Потом этот необычный гнилостный запах, с которым нельзя смириться, будет преследовать на фронте героя повести. Он забывал о нем лишь во сне и во время боя. Позже ему объяснят, что так пахнет торф, пропитанный человеческой кровью. Бои в этом месте шли в течение года. Для многих бойцов это болото стало последним пристанищем.
Так описывает автор мучительное пребывание в сыром, холодном, мелком окопе.
«В этом месте нельзя было рыть глубже – проступала черная, ледяная вода. Окопы были старыми и приняли очертания лежавших в них людей. Когда появлялась необходимость оправиться, казалось, что если сдвинешься с места, то из тела уйдет остаток тепла. Борис справлял нужду метра три позади окопа, стоя на коленях. Днем это приходилось делать лежа на боку, вовсе не отползая. Немцы из засады стреляли на каждый шорох и сразу выпускали ракеты. Над штрафниками летали также пули, выпускаемые со стороны заградроты. Если возьмут чуть ниже, то со спины солдаты открыты. Когда стрельба стихала, из окопа можно было расслышать немецкую речь. Размеренные голоса врагов вызывали злобу, желание подняться в рост, пойти к ним и стрелять, стрелять…Усилием воли Борис удерживал себя. Другим это не всегда удавалось – они поднимались во весь рост и их убивали, либо немцы, либо заградотрядовцы. В какой-то момент Борису показалось, что он умер. Стало страшно».
«… Пробираюсь по кочкам, упираясь в них автоматом, и за мной другие. Мы идем в болоте один за другим, перешагивая через мертвых, мимо перевернутой вагонетки, штабелей торфа, воронок и окопов. Какой-то черный туман у меня в глазах, и, кажется, что сейчас упаду и останусь здесь такой же недвижный и холодный, как и те, мимо которых мы идем.
Сапоги мои хлюпают в воде. Я вдруг задерживаюсь и смотрю себе под ноги. Вода эта красная, и какая-то догадка мелькает в голове. Слева и справа лежат убитые. Вспоминаю, как кто-то говорил, что не меньше, чем дивизию, положили уже в этом болоте. Так вот откуда этот тошнотворный, совершенно невыносимый, тленом отдающий запах! Торф пропитывается кровью, а она всегда остается в нем, не делается прахом…»

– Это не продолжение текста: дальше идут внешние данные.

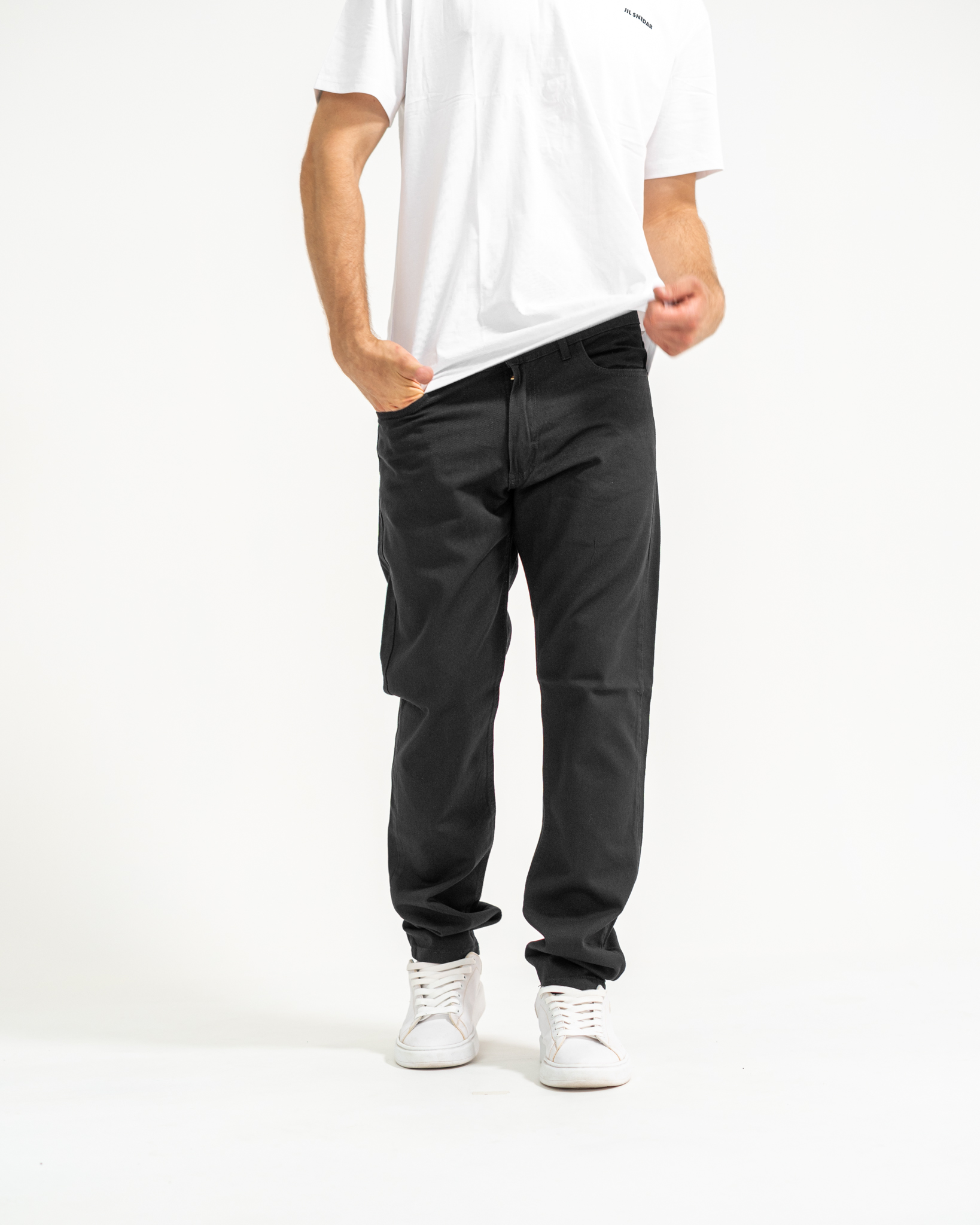 Corte Recto Jeans Rigido Gris Oscuro Arenado - DSC00828.jpg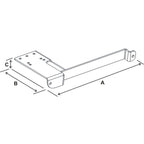 RAM-VB-167:RAM-VB-167_1:RAM® No-Drill™ Vehicle Base for '06-12 Ford Fusion + More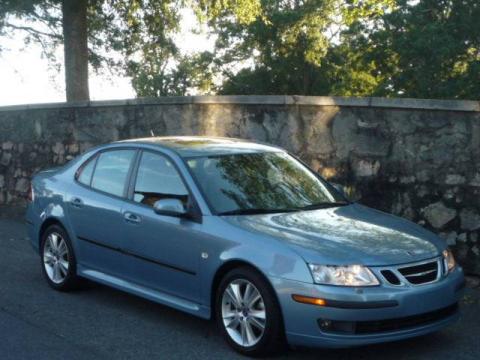 Ice Blue Metallic Saab 9-3 2.0T Sport Sedan.  Click to enlarge.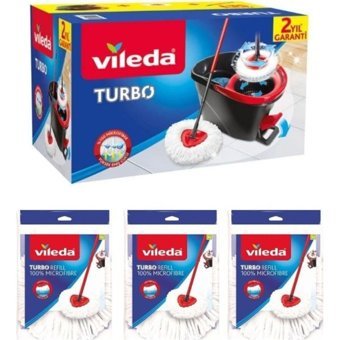 Vileda Turbo 3'lü Set Siyah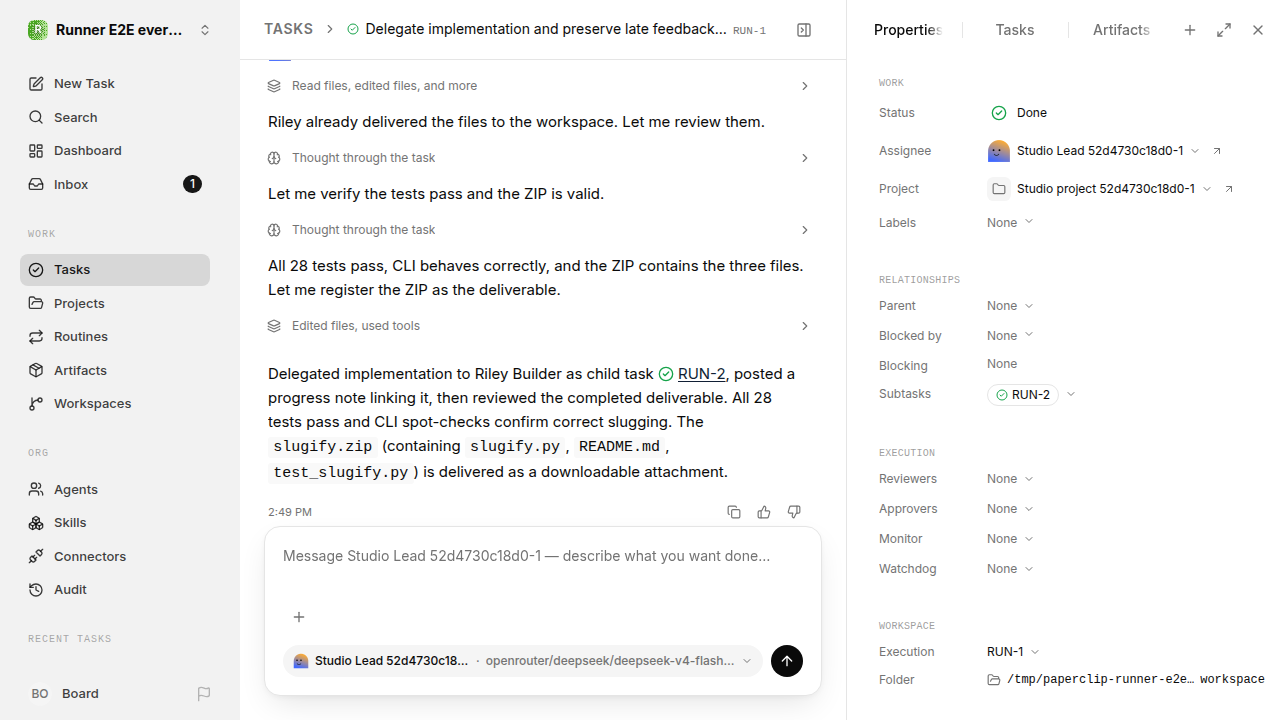 Finished everyday workflow for everyday-workflows.runner-opencode.local.delegate-feedback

Болото, будто гигантская яма в земле, километра полтора шириной и в длину километра два, нашпигованное гниющими телами убитых, полтора года непреодолимым препятствием торчит на пути красноармейских частей. Цель штрафбата – преодолеть его и выбить немцев с хорошо укрепленной дзотами высоты. Две недели проводят в этом окаянном месте штрафники до начала победной атаки. И ведомые повествованием автора, мы вживаемся в эту жуткую, не приспособленную для жизни обстановку, проникаемся судьбой каждого из героев и ощущаем, как и все они, что дни, часы, секунды имеют здесь совсем другое измерение, нежели в тылу и тем более в мирной жизни. За это время погибло двадцать солдат: на минном поле, от случайного огня, а двое – от пуль заградотряда».
И все же, наивысшей точкой этого повествования становится победа!
А для выжившего Бориса Тираспольского – возвращение в небо…
После того, как повесть была написана, Морис Давидович сказал: «В этом произведении ничего не придумано, все – правда. Но это только небольшая частица страшной войны. Если о ней писать больше, художественного произведения не получится».